EDIT_海老原朱里 / Akari Ebihara(CGWORLD)、山田桃子 / Momoko Yamada

[青天を衝け] VFX編 | 激動の幕末をダイナミックに描く舞台裏 | 青天を衝けの世界 | NHK

© NHK

ミッション<7>「実写とCGを組み合わせ甲板上のシーンを完成させる!」

『青天を衝け』では船の甲板上でのシーンが幾度も登場します。ミシシッピ号、順道丸、アルフェー号、長鯨丸、などなど……。本来ならば実際の船の上で芝居を撮影したいのですが、コロナ禍ということもあり、船の上での撮影は行なっていません。

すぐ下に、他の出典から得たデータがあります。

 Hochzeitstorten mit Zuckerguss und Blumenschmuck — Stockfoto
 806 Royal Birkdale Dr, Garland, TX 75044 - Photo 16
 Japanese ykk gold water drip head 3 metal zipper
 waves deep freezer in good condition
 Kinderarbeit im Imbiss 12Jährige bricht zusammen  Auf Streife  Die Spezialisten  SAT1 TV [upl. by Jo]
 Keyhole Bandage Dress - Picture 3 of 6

では、これら甲板上でのシーンはどのようにつくったのか? 今回はこの甲板上のシーンについてご紹介します。


▲甲板上のシーン例。『青天を衝け』では何度も登場する

放送第2・3回で登場したペリーの黒船来航のシーンではミシシッピ号の甲板上のカットが想定されていました。当初、日本の数ヵ所で稼働、および展示してある古い船のいずれかでロケを行ない、その甲板上でキャストの芝居を撮る計画でした。しかし、コロナ禍で感染者が増えていた時期でもあり、「VFXでなんとかならないだろうか?」という演出からの相談がVFXチームに舞い込んできました。しかし、あらかじめCGで制作していた黒船などはアップになることを想定しておらず、細部までつくり込んでいません。そこで、キャストをスタジオグリーンバックで撮影し、実写で撮影した船を背景として合成することにしました。



▲ミシシッピ号航行シーンの画コンテ


▲ミシシッピ号航行シーンのプリビズ

フルCGカットについては次回ご紹介するとして、今回はこの甲板上のカットについて説明します。

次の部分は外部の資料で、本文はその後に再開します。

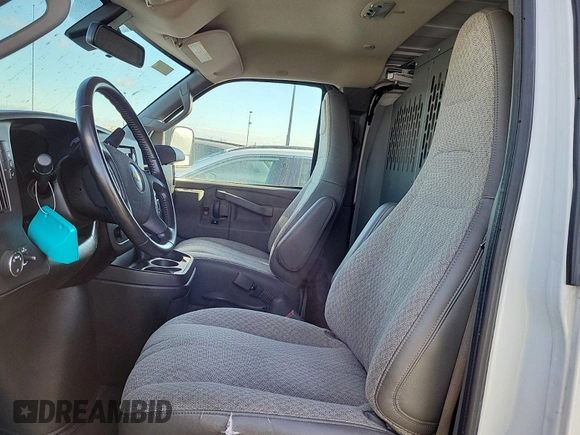 2020 Chevrolet Express Cargo z VIN 1GCWGAFG8L1252738, wystawiony jako IAAI lot #42617603 z przebiegiem 65 745 mil mil oraz . Historia ofert i sprzedaży dostępna na DreamBid. Obrazek 18.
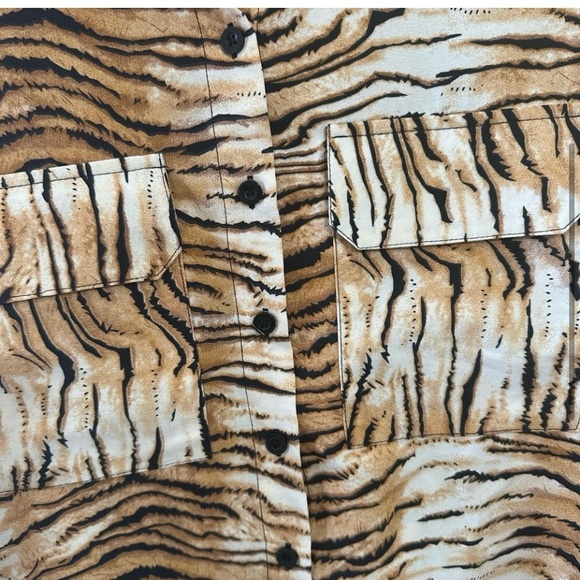 Tiger Print Boxy Button-down Shirt small - Picture 4 of 6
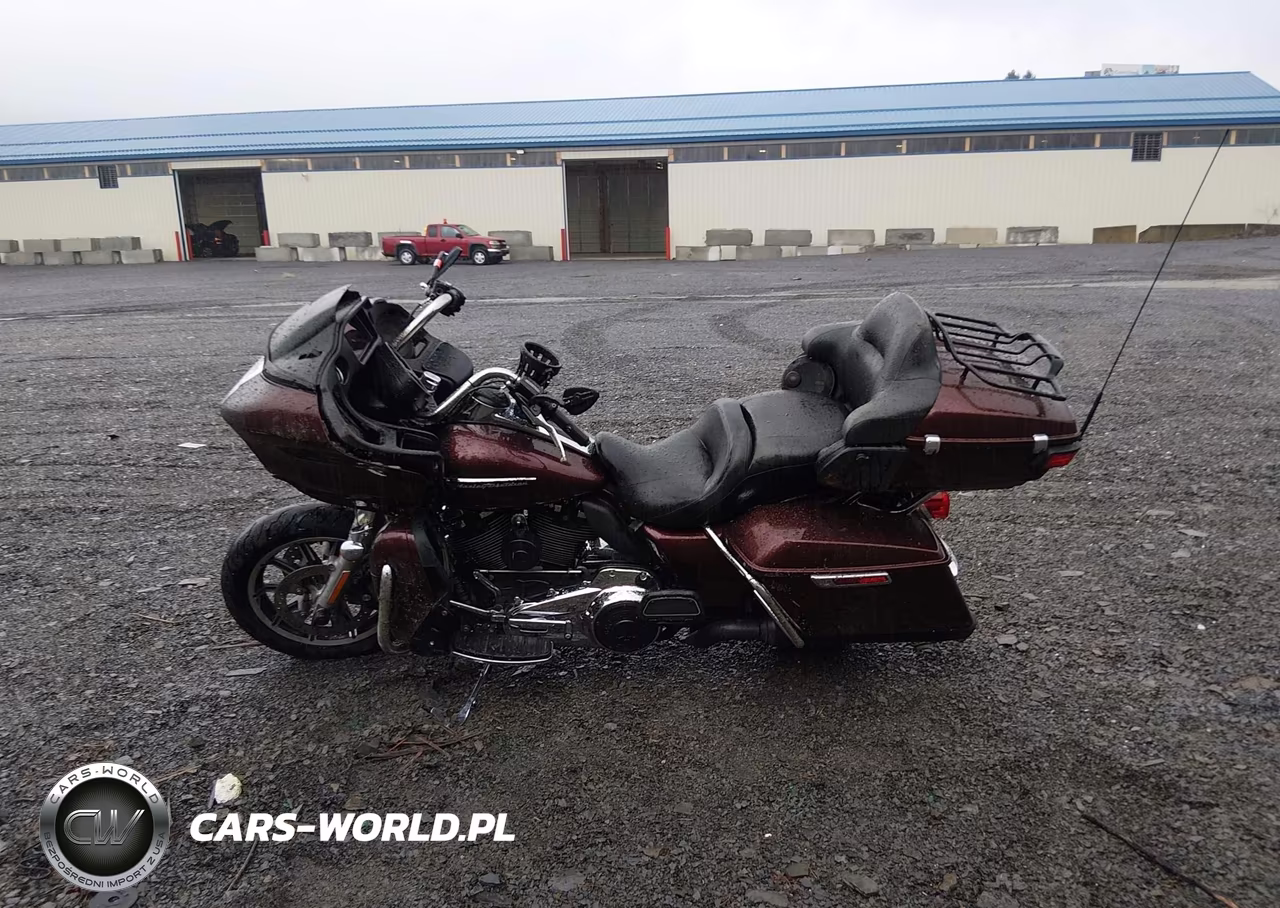 2019 Harley-Davidson Fltru VIN:1HD1KGF17KB647685 - 14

背景として合成するため、船の実写撮影が必要ですが、そこで目を付けたのが長崎市にある復元された「観光丸」(※)です。幕末当時の観光丸は蒸気の力と帆に受ける風の力で航行しますが、復元された観光丸はエンジンで動きます。まったく同じ形の船ではありませんがミシシッピ号と同じ「外輪」があるため、今回は観光丸をミシシッピ号として見せることにしました。


※……1855年にオランダから江戸幕府に贈呈された木造蒸気船



▲長崎市にある観光丸

スタジオグリーンバックで撮影するキャストの背景として合成するため、カメラをFIX(固定)にして素材を撮影する必要があります。また、被写界深度を深くしておきたいので、機材としてはVFXチーム所有のマイクロフォーサーズ(※)のPanasonic GH5と小型三脚を使用しました。それに加え、カラーチャート、グレーボール、測距計など最小限の機材を持ち込み、VFX担当者、プロデューサー、制作の計3名という最小単位のチームで長崎の観光丸で背景素材撮影を行ないました。『青天を衝け』は4KHDR放送(HLG方式)もあるため、GH5での収録もHLG動画で行なっています。

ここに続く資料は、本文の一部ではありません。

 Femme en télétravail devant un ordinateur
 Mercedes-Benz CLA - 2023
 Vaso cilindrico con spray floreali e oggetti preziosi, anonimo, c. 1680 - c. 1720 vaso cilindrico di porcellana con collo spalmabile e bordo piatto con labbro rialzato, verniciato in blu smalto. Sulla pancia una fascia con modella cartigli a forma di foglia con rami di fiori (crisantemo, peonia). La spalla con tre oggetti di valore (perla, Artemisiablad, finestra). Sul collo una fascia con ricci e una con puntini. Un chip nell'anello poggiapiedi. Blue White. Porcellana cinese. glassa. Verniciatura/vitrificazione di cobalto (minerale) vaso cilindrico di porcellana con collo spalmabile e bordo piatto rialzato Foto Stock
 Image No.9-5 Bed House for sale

※……レンズ交換式デジタルカメラにおける共通規格のひとつであり、小型レンズに対応したセンサー規格

可能な限り船の周りの現代物を避けて空と海だけにしたいので、長崎湾から少し沖に向かい、航行中や停泊中の素材を撮影しました。何度も観光丸で撮影することはできないので、画コンテにあるアングル以外にも、良さそうなアングルをねらっています。スタッフをスタンドインさせてのリファレンス、人がいないカラ画、カラーチャート、グレーボールを撮影しました。また、レンズの焦点距離やカメラの高さも記録しておきます。これらは後日、スタジオでグリーンバック撮影をする場合に必要な情報です。


▲VFXチームが撮影した素材

背景素材撮影後、スタジオでグリーンバック撮影を行ないました。キャストの芝居はSONY VENICEで撮影するため、Panasonic GH5で撮影した焦点距離から画角を計算し、VENICEの画角もそれに合わせています。また、カメラの高さや向き、照明の向きなども背景にできるだけ合わせています。



▲スタジオグリーンバック撮影

スタジオでは簡易のクロマキー装置を使い、仮合成しながら見え方を確認していきます。背景素材は自然光での撮影のため、本来ならば、合成馴染みを良くするためにスタジオではなく外の自然光でグリーンバック撮影をしたいのですが、スケジュールの関係などでなかなか希望通りにはいきません……。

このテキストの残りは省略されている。